My preparation for the interview was minimal. I went through the day’s newspapers; found out Lehman’s and IBM’s stock price (IBM because I used to work there); the Sensex, NASDAQ, Nikkei, etc. Read an article in the Economist on Central Banks (Sept ’99). Overall, I put in about 3 hours on the previous day.
The first interview was with Dalip and Sumant. They had split themselves into 3 panels. Dalip and Sumant were for STR, while the others interviewed the remaining candidates. Sumant’s opening question was, “So you were at IIT Madras?” He was from IITM too. A year senior to me. I said, “Yeah. You were at Jamuna Hostel, right?” We went on a bit about IITM after that.
- What were you doing at IBM? (We went into quite a bit of detail.)
- What are your hobbies? (Again, quite a bit of detail.)
- How do you value technology stocks? (This is where I scored. I said nobody knows.)
- How did you find Japan in your earlier visits?
Sumant advised me to speak a little slower, and sent me to the next panel. Isabella and Sarab asked me about my long term plans, my intentions to work abroad, and whether I preferred I-Banking or STR. I said, “Equity research looks the most attractive, based on what I hear.” After a while, Sumand and Dalip called me back and asked a bit about basketball. With that, the STR interviews were closed. By 11PM, they announced that Manoj would be going to New York, and I would be working in Tokyo.
- The resume matters a lot. I filled mine with what looks ‘impressive’, and was shortlisted for both I-Banking and STR.
- Lehman’s shortlisting parameters are: a good academic record, work experience in a reputed firm, and extra-curriculars — strictly in that order.
- It helps to have a senior in the panel. (Manoj is from the IITs too.)
- I think my work experience and prior travel to Japan worked in my favour too.
If I were preparing again for the Lehman Brothers summer interview, here’s how I’d go about it.
First, get a thin book about how to crack an interview from the library and read it, end-to-end. I say thin because it’s not worth spending more than 2-3 hours on the book, and you DO need to read it end-to-end. Of course, guides are available on the Internet, but it would be cheaper to borrow it than print it out.
Second, know thyself. That’s the most important part. Here are some questions for which you should have ready-made answers for. The rule-of-thumb, of course, is to be perfectly frank.

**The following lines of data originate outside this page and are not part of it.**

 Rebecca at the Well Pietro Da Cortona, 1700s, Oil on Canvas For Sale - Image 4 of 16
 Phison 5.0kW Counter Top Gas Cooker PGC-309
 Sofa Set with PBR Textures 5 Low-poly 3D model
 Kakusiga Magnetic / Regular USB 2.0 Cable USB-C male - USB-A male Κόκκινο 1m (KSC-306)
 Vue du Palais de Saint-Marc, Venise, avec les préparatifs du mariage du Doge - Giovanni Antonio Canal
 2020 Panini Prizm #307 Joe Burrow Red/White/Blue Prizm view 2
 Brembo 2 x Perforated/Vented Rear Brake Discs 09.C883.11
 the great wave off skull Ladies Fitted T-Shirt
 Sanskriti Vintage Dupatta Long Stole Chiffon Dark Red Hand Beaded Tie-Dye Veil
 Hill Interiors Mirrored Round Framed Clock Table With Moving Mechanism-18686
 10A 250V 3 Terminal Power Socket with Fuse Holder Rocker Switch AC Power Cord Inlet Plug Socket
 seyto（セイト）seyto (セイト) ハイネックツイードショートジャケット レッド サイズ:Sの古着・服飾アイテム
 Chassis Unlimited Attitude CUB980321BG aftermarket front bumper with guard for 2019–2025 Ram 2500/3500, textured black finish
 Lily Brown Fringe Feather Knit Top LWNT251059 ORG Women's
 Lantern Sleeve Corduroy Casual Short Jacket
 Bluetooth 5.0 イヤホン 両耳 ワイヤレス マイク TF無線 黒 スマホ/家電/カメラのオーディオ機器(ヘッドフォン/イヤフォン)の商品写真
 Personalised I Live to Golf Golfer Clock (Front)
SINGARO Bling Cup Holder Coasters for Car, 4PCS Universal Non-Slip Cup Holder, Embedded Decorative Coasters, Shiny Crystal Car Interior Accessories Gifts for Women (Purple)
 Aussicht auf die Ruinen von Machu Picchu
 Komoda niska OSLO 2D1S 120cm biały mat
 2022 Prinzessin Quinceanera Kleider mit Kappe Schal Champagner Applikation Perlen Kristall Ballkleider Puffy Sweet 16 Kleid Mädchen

- Why do you want to join Lehman Brothers / Investment banking / Finance?
- What other companies have you applied for?
- How have you been doing at IIM-B?
- Tell me more about (any item on your resume).
- What did you like/dislike about (any item on your resume).
- What are your strengths and weaknesses (3 of each)?
- Where do you see yourself 5/10/20 years down the line?
Ideally, you should get someone to interview you, ask you some of these questions. Catch your classmates, your seniors, anyone. Ask them to give you feedback on their first impression of you, and whether, if they were in that company, they would hire you. More importantly, why they wouldn’t, if at all.
Third, find out what the recruiters would be looking for. My guess is, they’re looking for someone with
- Good communication skills — so speak slowly and clearly.
- Confidence — so think your answer before speaking; ask for time if you need to think; relax if you’ve made a mistake.
- Analytical skills and intelligence — so say “I don’t know” when you don’t, and tell them about all the analytical and intelligent things you’ve done before.
Fourth, learn a bit about the industry. Vault and Wetfeet have good industry guides. Don’t read it end-to-end. Just skim through it and get a feel of things. People haven’t gotten a feel of it after 2 months of working there, so perhaps 2 hours of skimming won’t tell you much. But it’ll get you used to the kind of words that are used there, like “80 hours a week”, “bond price”, etc.
Fifth, learn some concepts. You need to know what a stock or a share is, and what a bond is. If you’ve worked, you may like to know the share price of your former company, and why it’s there. You probably ought to have an opinion on some of the things happening in the business arena, so if you don’t have one, get one. I’ve listed some possible questions below, and my answers, had I been asked these.
- Do you think dot-coms are overvalued?
- Yes. I don’t think that the productivity growth will benefit companies selling computers. I think it will benefit the users of computers. (No one knows, really, but we need an opinion and a reason.)
- Are the second-phase of reforms going in the right direction?
- No idea.
- Why is the Euro falling, or why is the dollar rising?
- No idea.
- How would you value a petroleum company?
- (I’m a chemical engineer, but…) I don’t know.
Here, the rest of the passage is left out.